Abstract
In spite of the increased application of corpus-based methods in phraseological research in the past years (cf. Heid 2005; Heid/Weller 2010; Steyer 2013), the initiating interest for phraseological aspects in learner corpora research (cf. Paquot/Granger 2012) and the constantly growing number of phraseodidactic studies (cf. Kühn 1987; 1992; Lorenz-Bourjot/Lüger 2001; Gonzáles Rey 2013; 2014; Konecny et al. 2013; Sułkowska 2013), suggestions of appropriate criteria for identifying, classifying and analyzing phrasemes in learner corpora seem to be still underrepresented. Studies of such kind could be useful not only for revealing the actual use of phrasemes at various CEFR levels (2001) and for detecting recurrent mistakes and error causes, but also for developing suitable didactic material in order to achieve a certain target level in the phraseological use at different CEFR levels. Within the LeKo project (www.leko-project.org), carried out in cooperation between the University of Innsbruck and the European Academy of Bolzano/Bozen, we aim at describing the use of phrasemes by L2 learners of Italian for didactic purposes, by combining both quantitative and qualitative methodological approaches. To this end, we analyze a subset of the KOLIPSI corpus, which consists of German and Italian L2 productions (written by South Tyrolean secondary school pupils) that have already been assigned to CEFR levels in reliable way (cf. Abel et al. 2012); the LeKo subcorpus covers the levels A2-C1 and contains 288 Italian texts written by German L1 pupils.
Before analyzing the phrasemes present in our corpus, first it was necessary to establish our conception of phrasemes and the criteria to be applied for identifying and classifying them. For this purpose, we adopted a combination of deductive and inductive methods, i.e. following current concepts present in pertinent studies as well as pre-analyzing selected KOLIPSI texts in order to get an idea of which phraseme types are actually used by the learners. As far as collocations are concerned, we found out that lexical collocations strictu sensu occur only rarely (especially on lower CEFR levels), for which it seemed useful to adopt a broader concept of collocation, including also sequences such as andare a casa (‘to go home’) and guardare su/in internet (‘to look/search on the internet’), which seem freely combined but in which at least the prepositions are idiosyncratically bound to the actual verb. As to other phraseme (sub)categories, we decided to adopt a “mixed classification” in terms of Burger (2007: 53). Besides various types of referential (both non-idiomatic and idiomatic) phrasemes, we took into consideration also communicative and structural phrasemes.
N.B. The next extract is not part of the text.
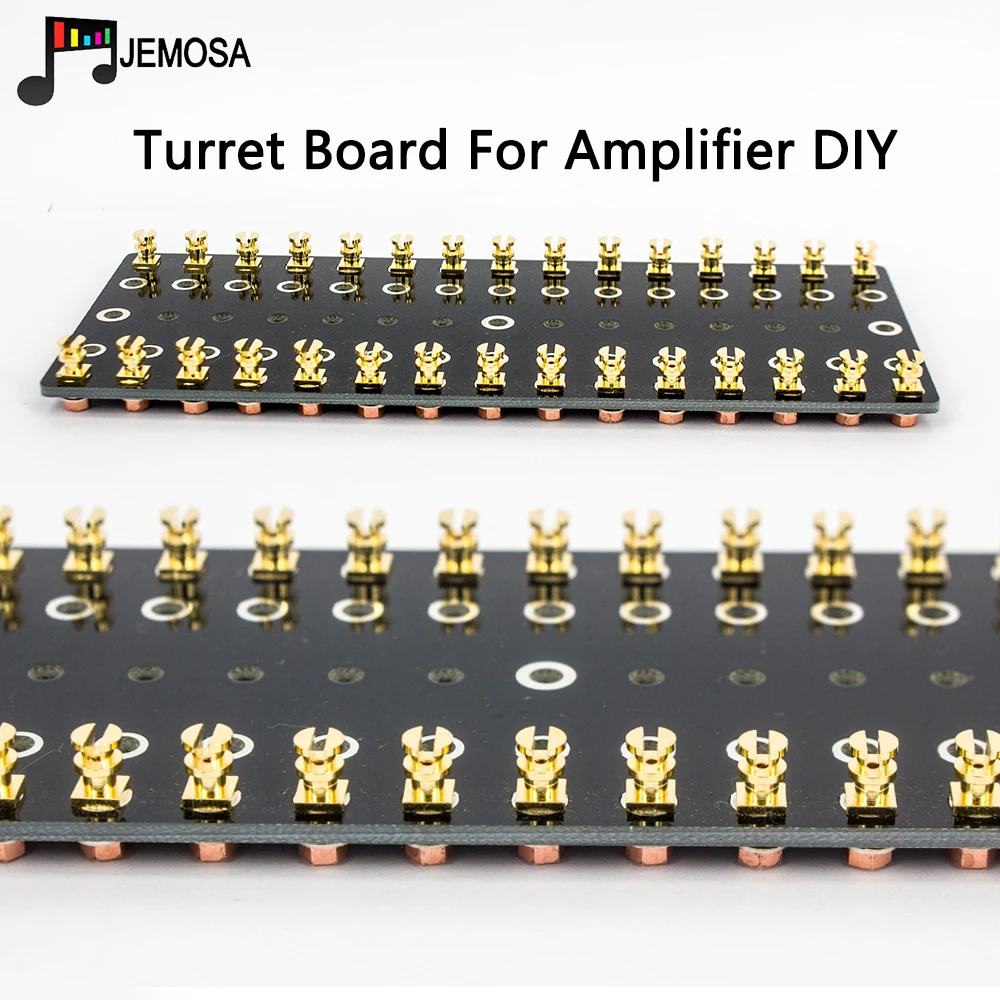 

1PC Audio Turret Board Strip Tag Board Terminal Lug Board Solder Gold Plated Copper Screw Type Audio Vintage Tube Amplifier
In our paper, we will illustrate which phrasemes we detected at various levels and how we proceeded in assigning them to different phraseological (sub)types as well as in the identification of possible error causes. In order to record several possible kinds of the latter, we provided for a separate category named “not exist” for those cases in which phrasemes existing in German were translated literally into not-existing Italian expressions (e.g. *queste vacanze diventano il martello = interference from Germ. dieser Urlaub wird der Hammer).